_Source information_:

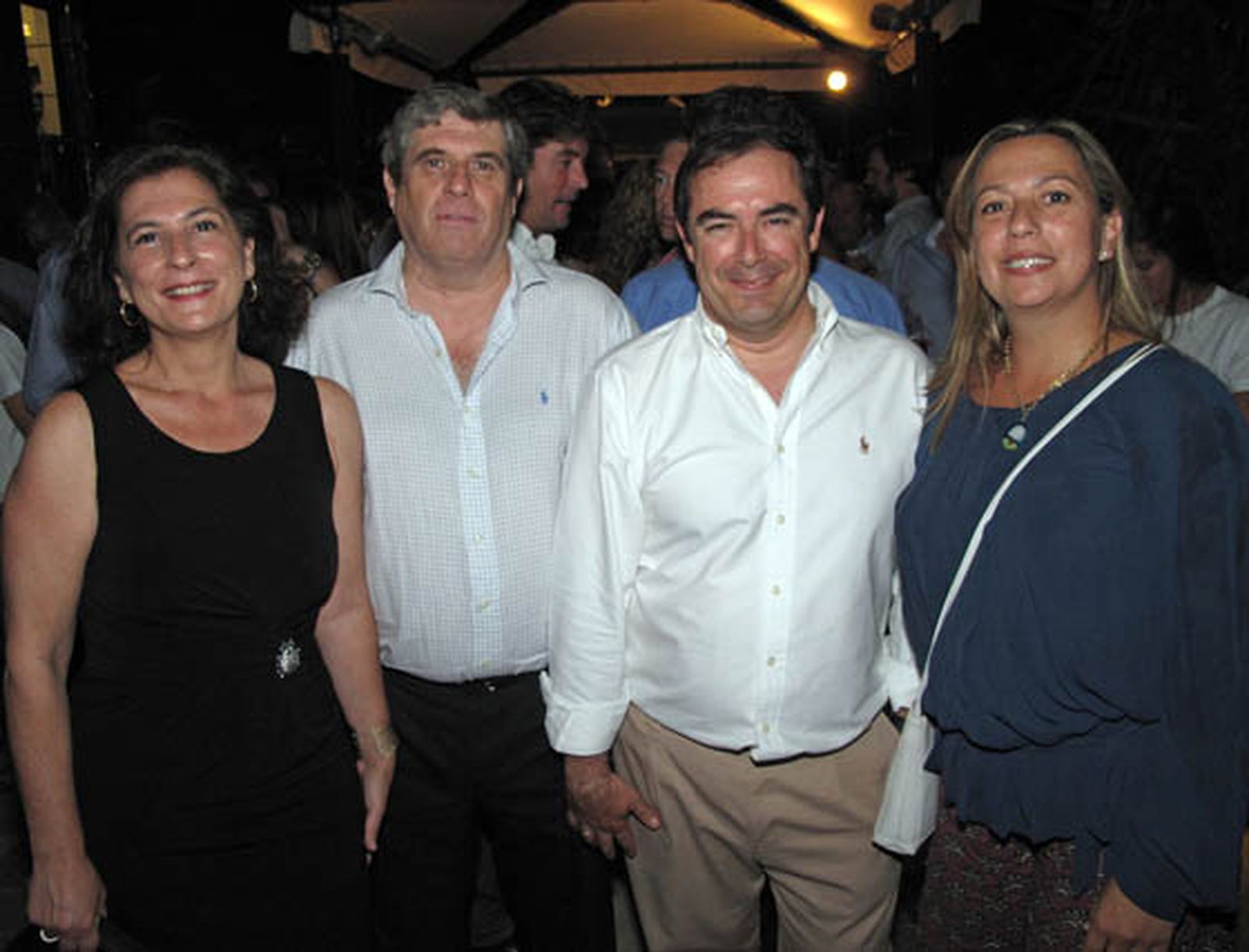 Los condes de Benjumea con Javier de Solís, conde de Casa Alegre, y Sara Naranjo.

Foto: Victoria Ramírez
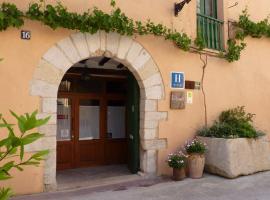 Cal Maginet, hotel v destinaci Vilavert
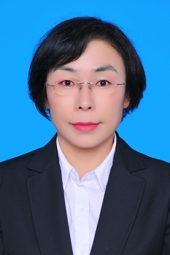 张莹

==

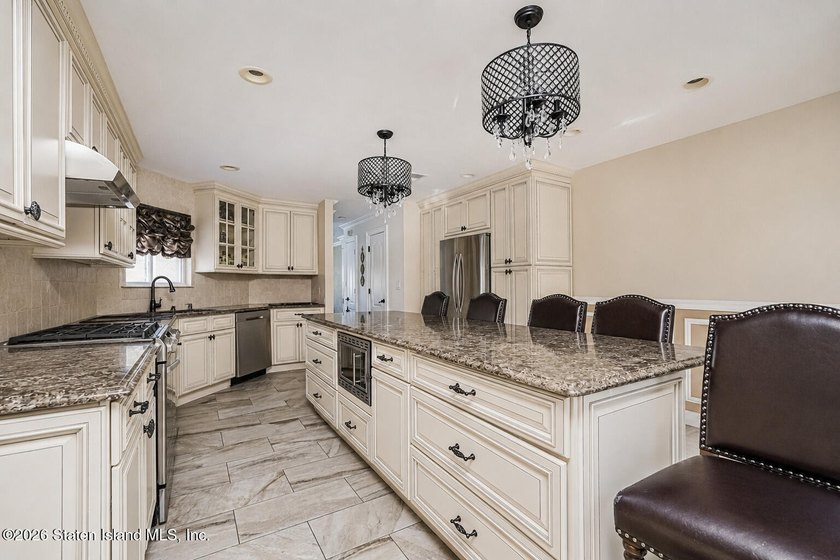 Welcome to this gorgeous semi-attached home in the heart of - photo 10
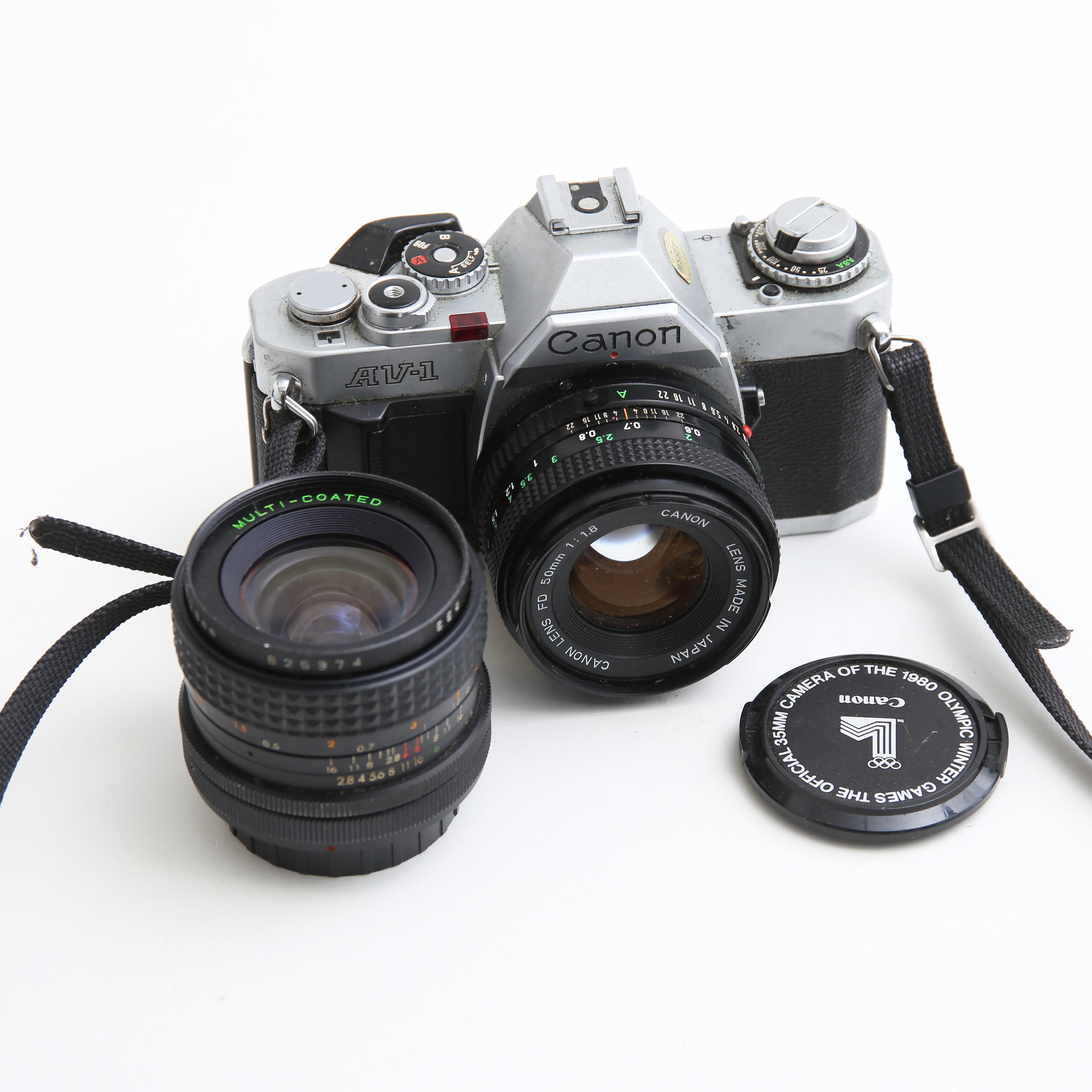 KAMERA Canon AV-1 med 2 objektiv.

==

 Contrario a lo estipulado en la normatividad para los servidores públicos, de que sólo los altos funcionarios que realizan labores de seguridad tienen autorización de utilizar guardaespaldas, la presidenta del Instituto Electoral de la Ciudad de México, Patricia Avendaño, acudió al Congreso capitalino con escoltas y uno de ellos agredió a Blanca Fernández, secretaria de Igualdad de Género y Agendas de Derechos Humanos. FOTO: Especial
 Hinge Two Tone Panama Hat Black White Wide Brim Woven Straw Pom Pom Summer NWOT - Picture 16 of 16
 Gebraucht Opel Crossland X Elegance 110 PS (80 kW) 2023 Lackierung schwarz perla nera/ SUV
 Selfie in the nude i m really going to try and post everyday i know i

_What you have to do_:
Look above for the line holding "Gebraucht Opel Crossland". Print it and every line after it, exactly, through the line holding "Selfie in the".

_Solution for this exercise_:
 Gebraucht Opel Crossland X Elegance 110 PS (80 kW) 2023 Lackierung schwarz perla nera/ SUV
 Selfie in the nude i m really going to try and post everyday i know i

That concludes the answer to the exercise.